# [Exercise brief]
Your copy should hold only the lines from the one holding "Hey guys, welcome" through the last line of the records below, both included, each exact and with no pictures.

Data shown section start

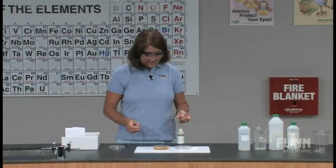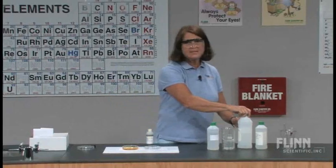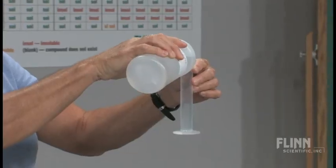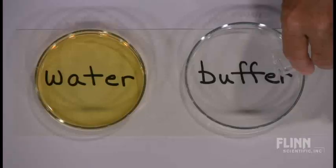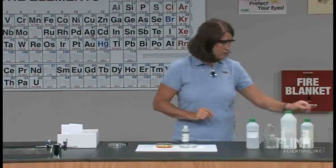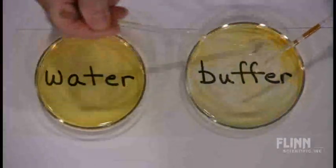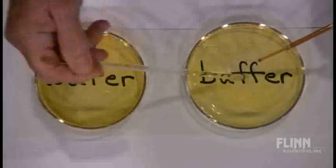I'm going to make my second solution, and the second solution is going to have a buffer. This is an acetic acid, sodium acetate buffer, and it is 0.1 molar with respect to the acid and the salt. Again, the same amount of liquid — 25 milliliters — just enough to cover the bottom of the petri dish. There's our buffer, and I'm going to add the indicator thymol blue again. The color is going to be just a little bit different — still yellow — but slightly different because this is a slightly different pH since it is buffered.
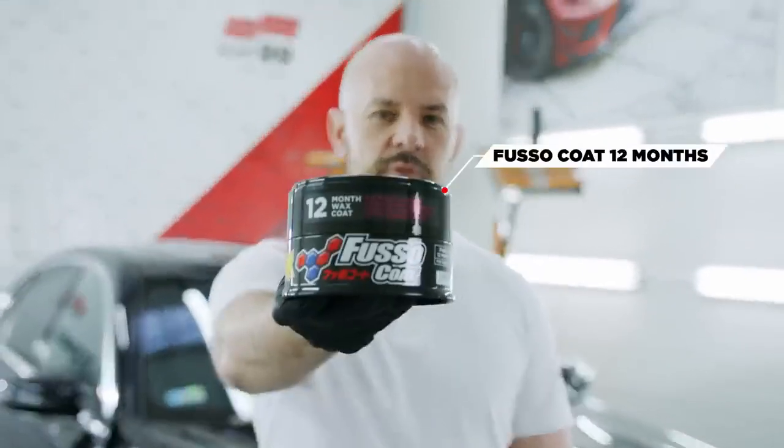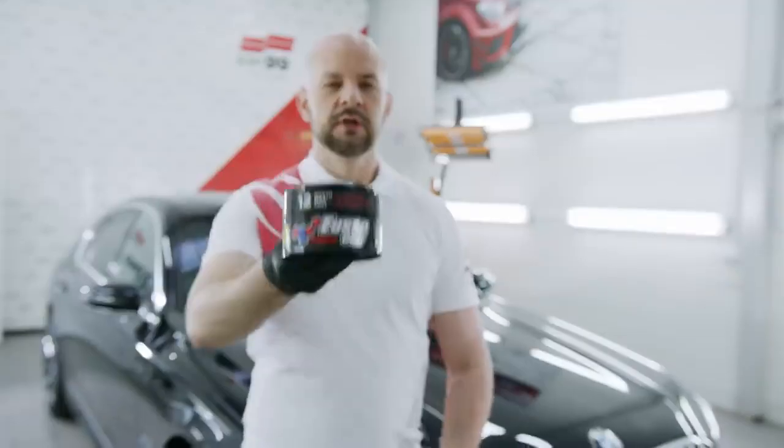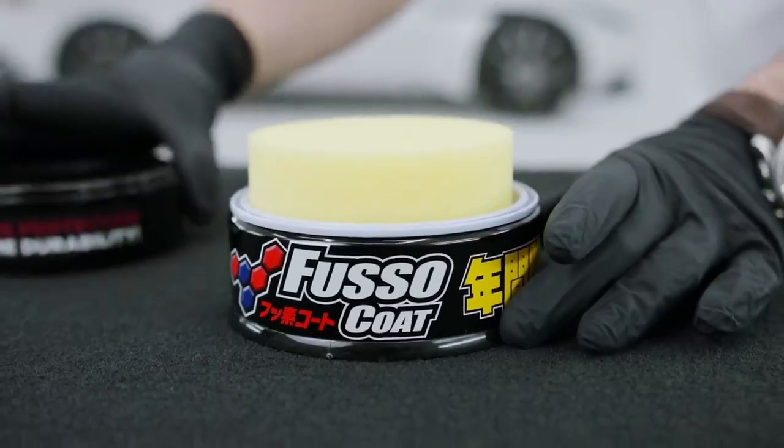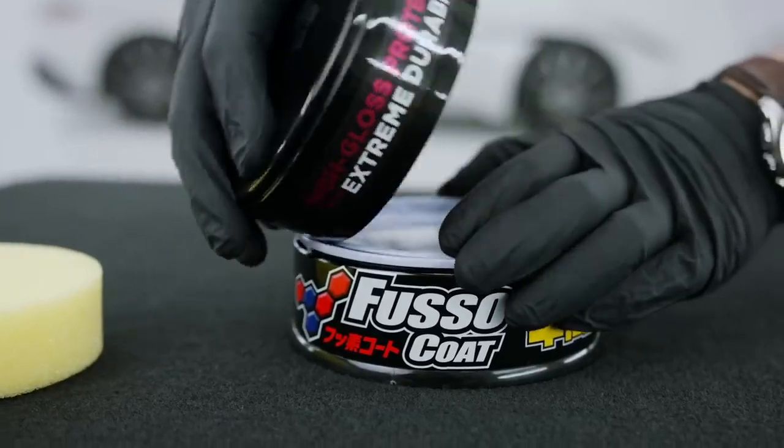Hi! Today we will show you how to work with our legendary Soft 99 wax FusoCold 12 months. Chosen by hundreds of thousands of customers, FusoCold is an absolute bestseller. Let's see what it can do.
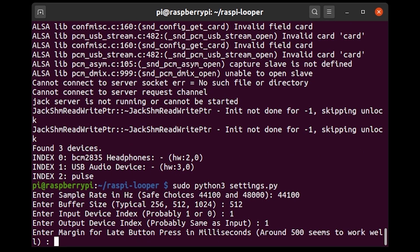The next setting is the latency margin for a late button press, in milliseconds. This is how long after you actually want to stop recording a track you're still allowed to stop recording — how much allowance for a late button press to stop recording — so that it still quantizes to the length you originally intended. I'm going to put in 500 milliseconds for that, because it seems to work fine.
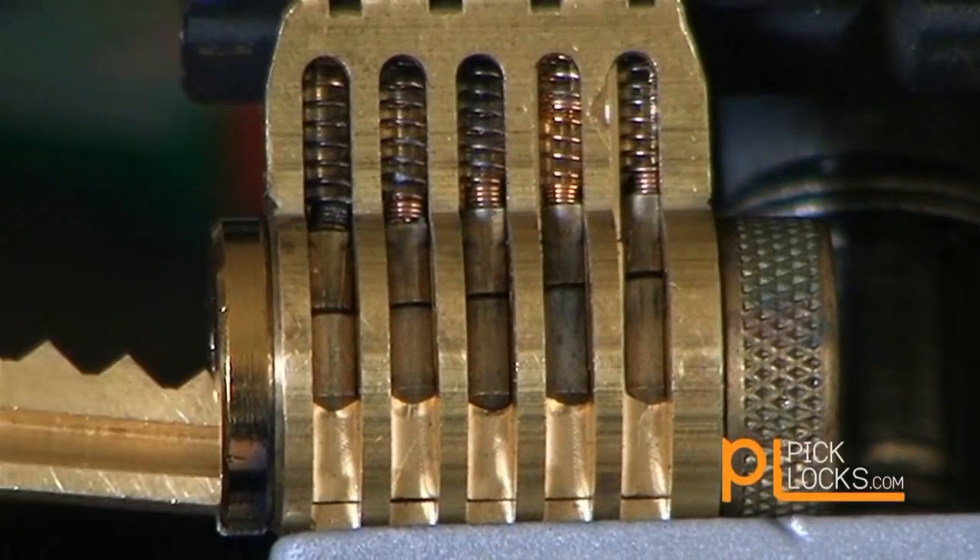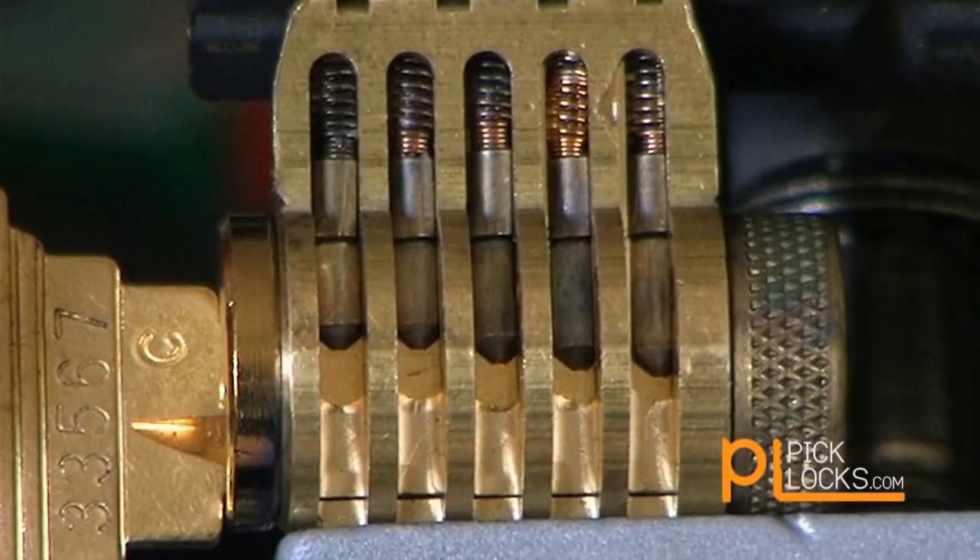A key works in a lock by aligning the cuts in the blade to the bottom pins in the lock. The numbers on the bow of this key correspond to the depths cut in the key blade, and in this case match the lock and bring the bottom pins to the exact height of the shear line, represented by the red line seen here.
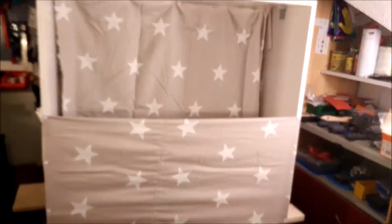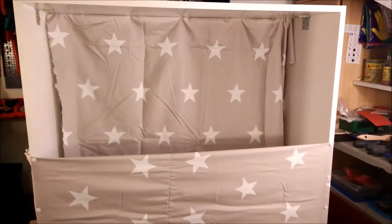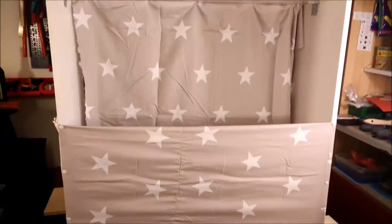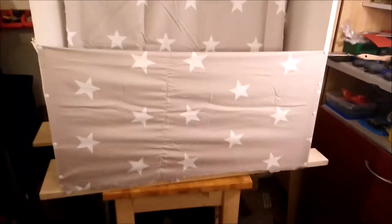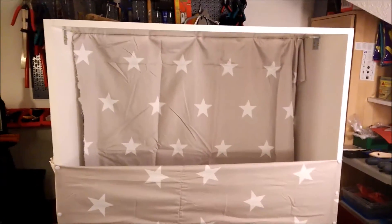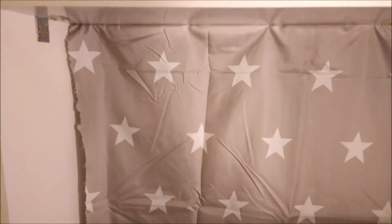Hi ladies and gentlemen, Zeppmann here with just a short video. Some of you might know I've been talking about a new catchbox for my garden for weeks, months. Finally I could find some time to start building it. I'm not yet done but just wanted to show you take one of the features.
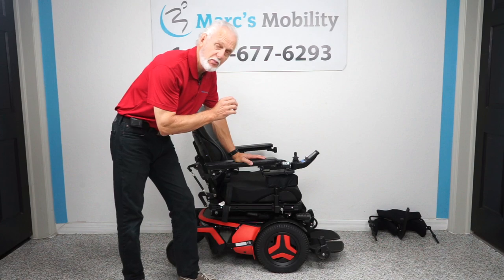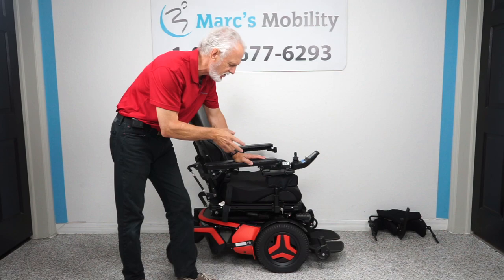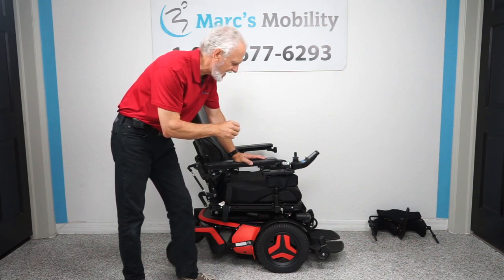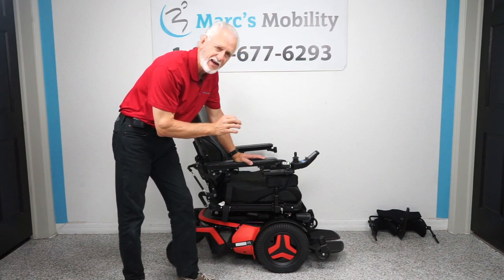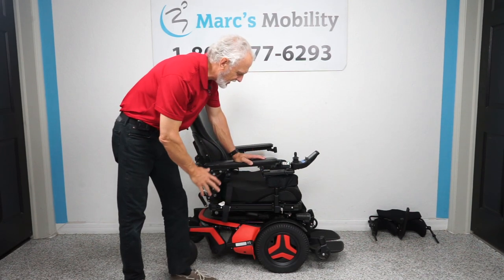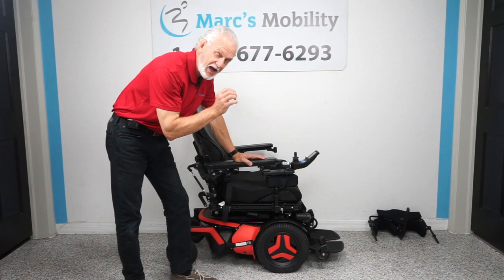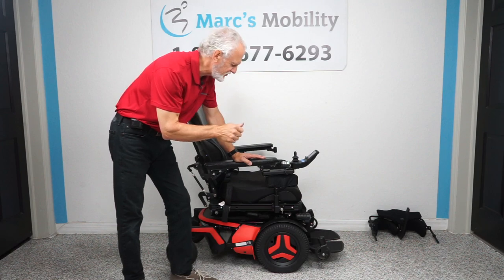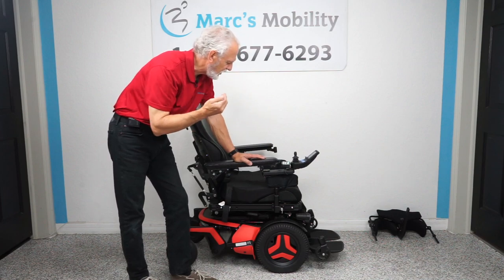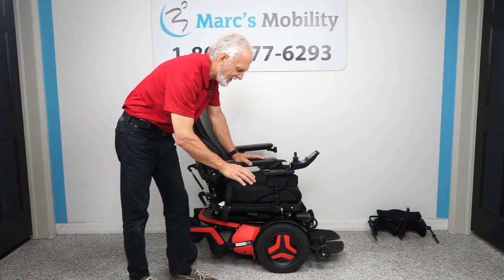We have here a Permobil F5 VS for vertical standing. This chair has seven electrical functions and 27 miles — it's literally brand new, the latest model, with the latest shroud. The color is kind of orangey looking. It has a 14-inch seat lift, electric tilt, electric recline, electric feet that go up and down and in and out, and the standing position.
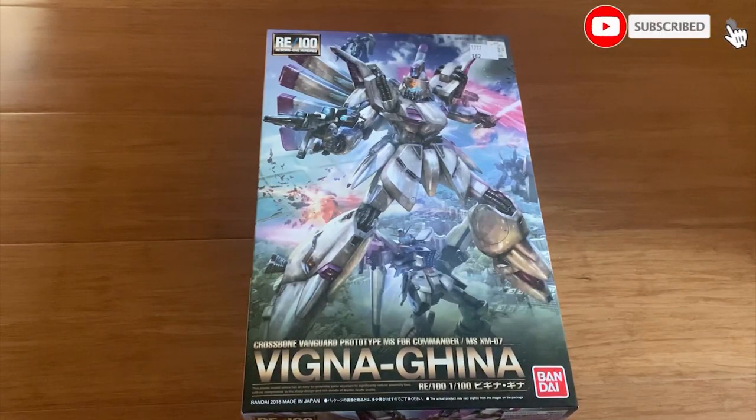Hey guys, welcome back to Sunwalk's channel. Today we're going to be building the RE100 Vigina Gina.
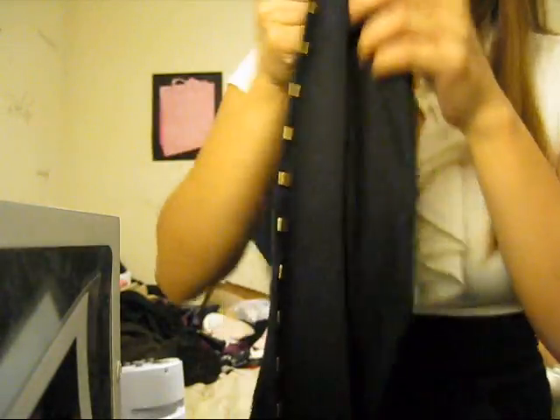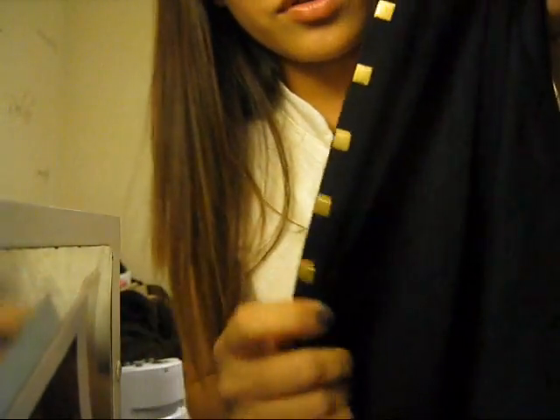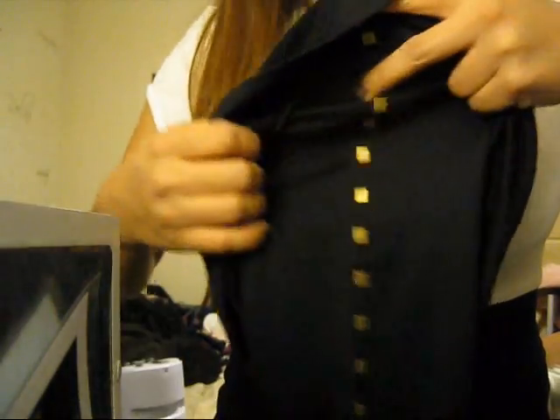And I got some clothes, of course. I got these cute leggings with this detail on the sides — it's actually metal, gold metal — so when you wear it you can see that on the side. Really cool. And it's just one size too, for $15.80.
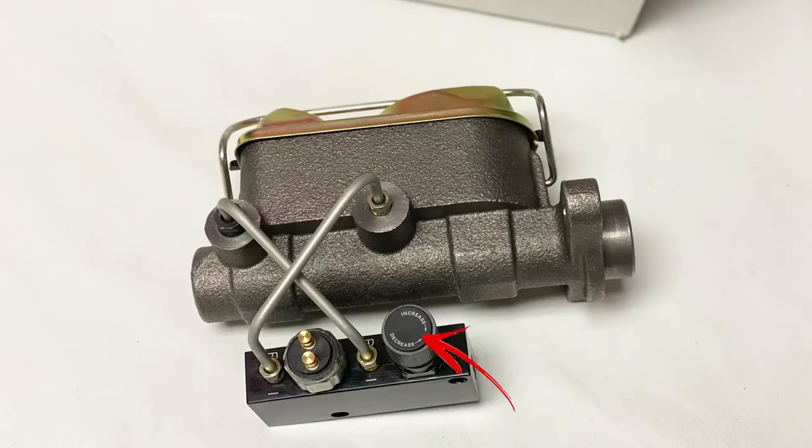We also include an adjustable combination valve, which allows you to fine-tune the amount of brake pressure at the rear brakes. This valve also has a pressure switch built-in to activate taillights if needed.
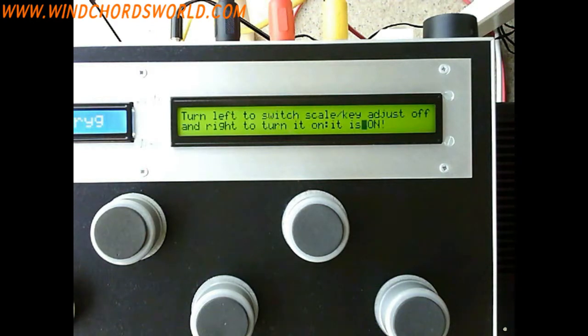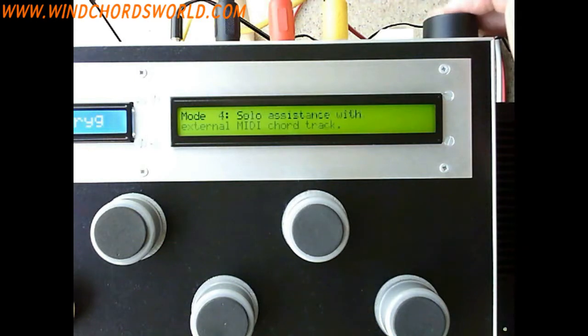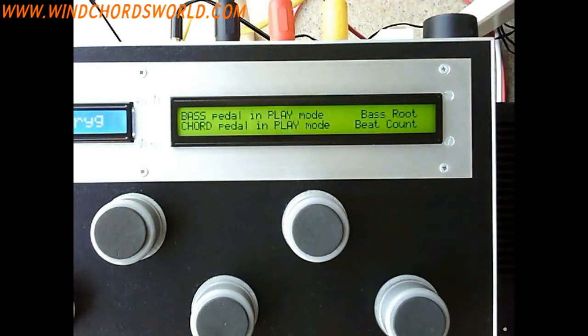By default, when you power up Wind Chords it is on. If you want to turn it off, you turn left — scroll left basically — and then tap again. Do this before you do anything else. Now I can tap again and scroll to Mode 3 to synchronize with my DAW, and tap again.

Data shown section end

# [Solution below]
Hey guys, welcome back to Sunwalk's channel. Today we're going to be building the RE100 Vigina Gina.
And I got some clothes, of course. I got these cute leggings with this detail on the sides — it's actually metal, gold metal — so when you wear it you can see that on the side. Really cool. And it's just one size too, for $15.80.
We also include an adjustable combination valve, which allows you to fine-tune the amount of brake pressure at the rear brakes. This valve also has a pressure switch built-in to activate taillights if needed.
By default, when you power up Wind Chords it is on. If you want to turn it off, you turn left — scroll left basically — and then tap again. Do this before you do anything else. Now I can tap again and scroll to Mode 3 to synchronize with my DAW, and tap again.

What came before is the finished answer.